Foreign firms, it seems, are about to be caught in the cross-fire. Given all the above, what now are the prospects for a resolution? The bottom line is both sides still need a trade deal. If Trump wants to be re-elected, he has to sustain U.S. economic growth through 2020 after what is already a very long growth cycle.
To do that, he cannot allow negotiations to collapse because market confidence would collapse along with them. The real economy could then go into recession in a year he can least afford it.
As for Xi Jinping, there is a limit to how much China can continue to rely on economic stimulus to prop up growth. Chinese debt to GDP now runs at 248 percent (although this is 99 percent domestic). China’s private sector also performed badly in 2018 for reasons quite separate from the trade war.
Putting the trade war to bed is also important for China in restoring market confidence. Although not at any political price.
The likelihood of a deal now hovers around 50-50 – the ultimate contest between politics and economics.

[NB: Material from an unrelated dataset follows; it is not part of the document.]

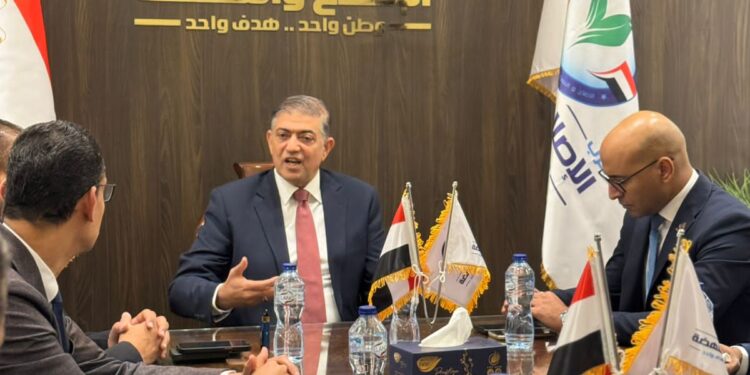 المكتب السياسي لحزب الإصلاح والنهضة يناقش تطورات الوضع السياسي والتحديات التي تواجه الدولة المصرية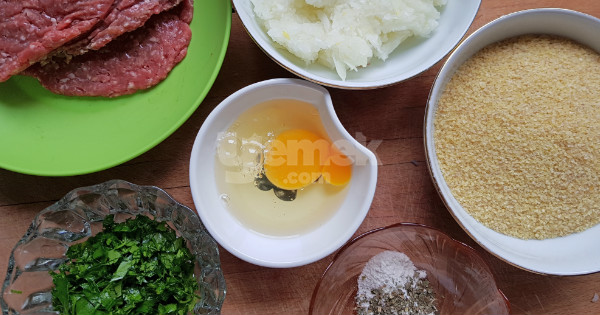 kiymali-bulgur-koftesi-yapilis-1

My prediction is that the Osaka G20 Summit will see a “reboot” to the negotiating process. And after Osaka, Trump will yield on the first two of China’s new red lines. And Xi will increase the quantum of the proposed Chinese purchasing agreement from China’s previous offer, although not by as much as Trump has demanded. That way, enough face will be saved all around.
Of course, raw politics may still derail the lot. Including Trump’s rolling calculus of what he needs to sell to his political base. As well as what deal he needs to wedge the Democrats who are currently seeking to outflank him to the right on China.
But while there may be a solution to the trade war, the technology war has barely begun. And on that score, we should all fasten our seatbelts for a more fundamental decoupling of the world’s two largest economies – in the internet, telecommunications, fintech, the emerging digital payments system and the whole new uncharted world of artificial intelligence.